SONHO


Edmundo Cordeiro


"Uma ideia - é muito simples. Não é um conceito, não é filosofia. Mesmo que de qualquer ideia possamos talvez tirar um conceito. Penso em Minnelli, que tem uma ideia extraordinária sobre o sonho. Ela é muito simples - nós podemos dizê-la -, e está enleada num processo cinematográfico que é a própria obra de Minnelli. A grande ideia de Minnelli sobre o sonho é que ele diz respeito antes de mais àqueles que não sonham. Por que é que isso lhes diz respeito? Porque, desde que há sonho do outro, há perigo. O sonho das pessoas é sempre um sonho devorador que ameaça engolir-nos. Que os outros sonhem - é muito perigoso. O sonho é uma terrível vontade de poder. Cada um de nós é mais ou menos vítima do sonho dos outros. Mesmo quando é a mais graciosa rapariguinha, é uma devoradora terrível, não pela sua alma, mas pelos seus sonhos. Desconfiem do sonho do outro, porque se são apanhados no sonho do outro, estão feitos." [Gilles Deleuze, "Qu'est-ce que l'acte de création?", in TRAFIC, 27, Automne 1998.]

Esta é uma ideia de sonho. Não é abstracta, como "o" sonho. É o sonho enquanto sonho do outro que nos prende. Há alguém que sonha por nós ou que sonha connosco. E isso não é fácil. Mais do que ser constrangedor, é uma limitação fundamental à nossa capacidade de agir na exacta medida em que sejamos apanhados por esse sonho. Como é que somos apanhados? Muitas vezes não nos damos conta.
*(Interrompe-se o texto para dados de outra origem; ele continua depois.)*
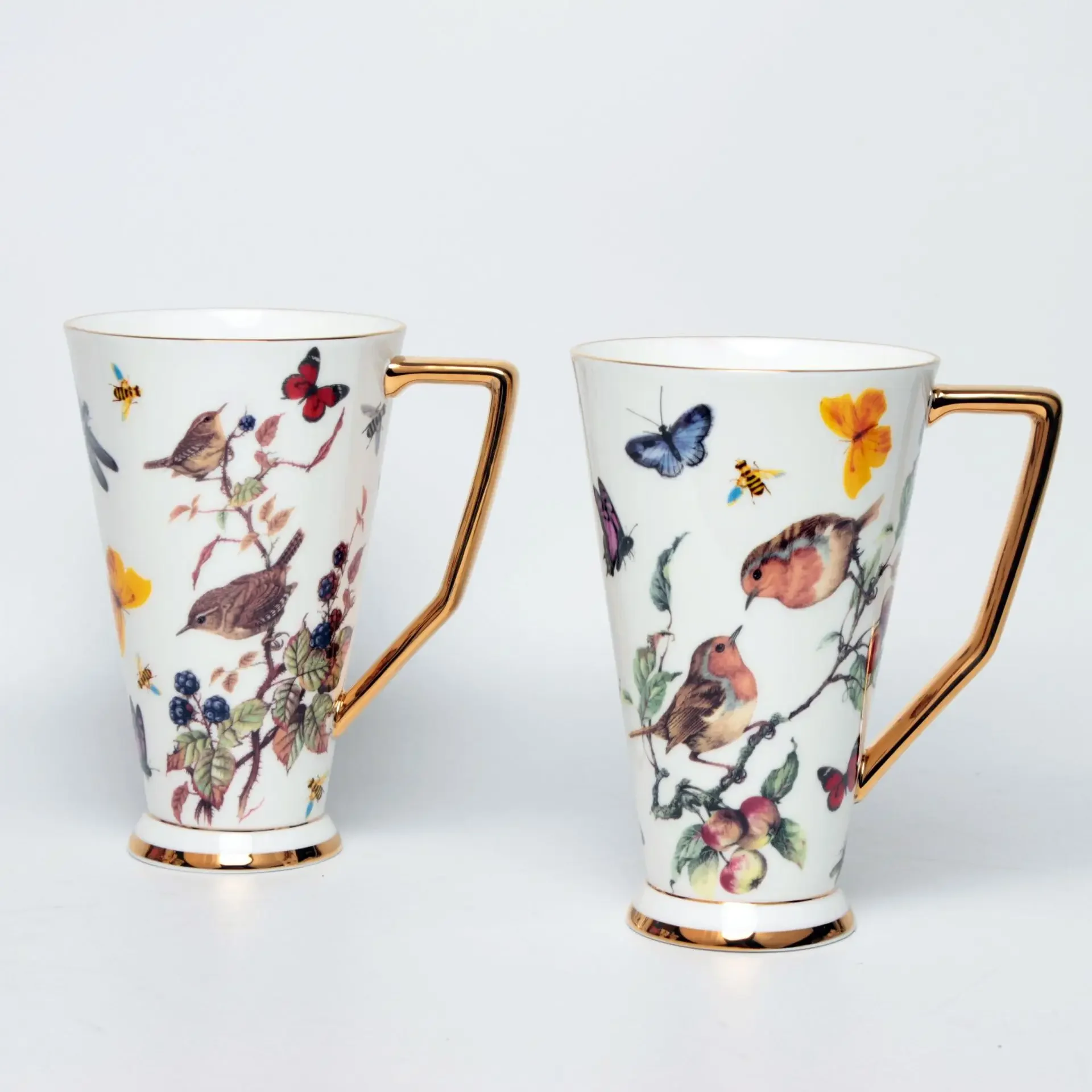 Bone China Mug Large Capacity Ceramic Cup Pastoral Flower and Bird Horn Cup Goblet Water Cups Coffee Cups Mug Coffee Mug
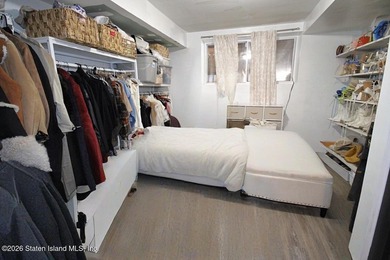Welcome to 160 Kenilworth Ave. This end unit townhouse is - photo 14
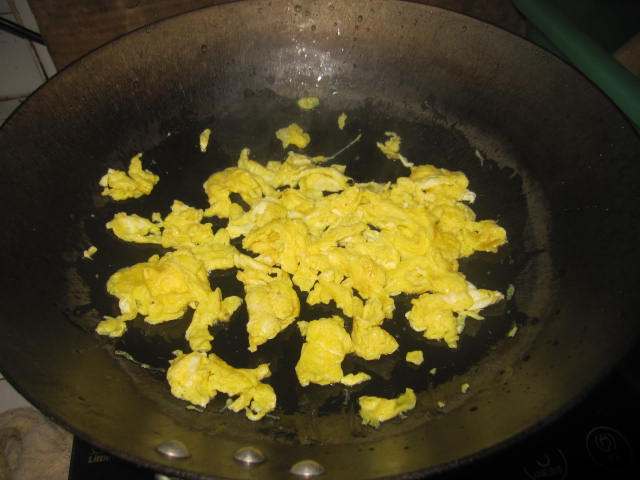 香菇肉肠鸡蛋炒饭步骤6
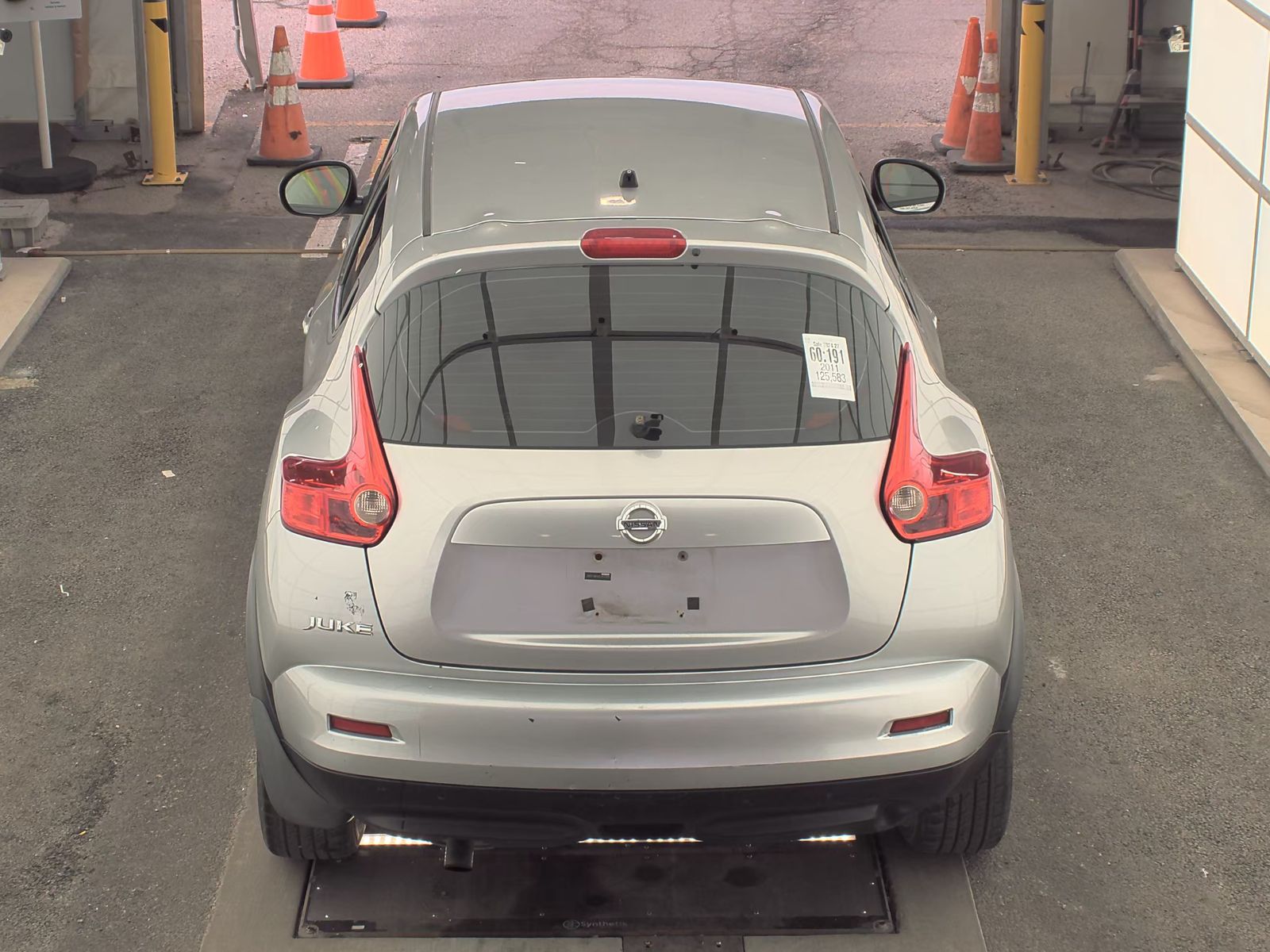 2011 Nissan JUKE S FWD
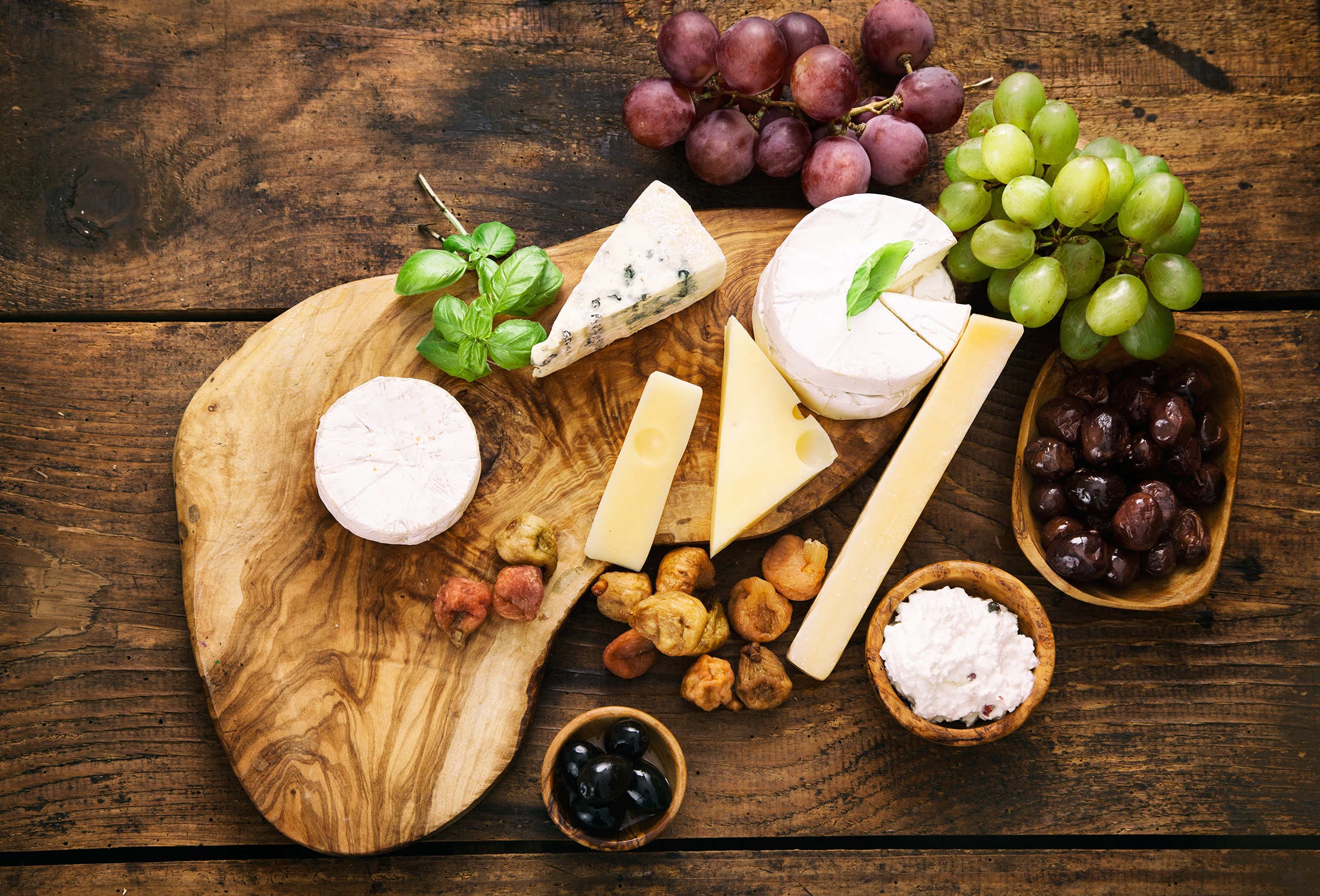 Still Life Food Cheese Olives Grapes Cutting Board 2300x1561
Normalmente somos apanhados quando agimos em função desse sonho, para corresponder a esse sonho, que não é o nosso e que nos prende à necessidade de não decepcionar, de fazer conforme, etc… Os sonhos dos outros dizem-nos respeito não só POR podermos ser apanhados por eles, mas igualmente PARA não cairmos neles.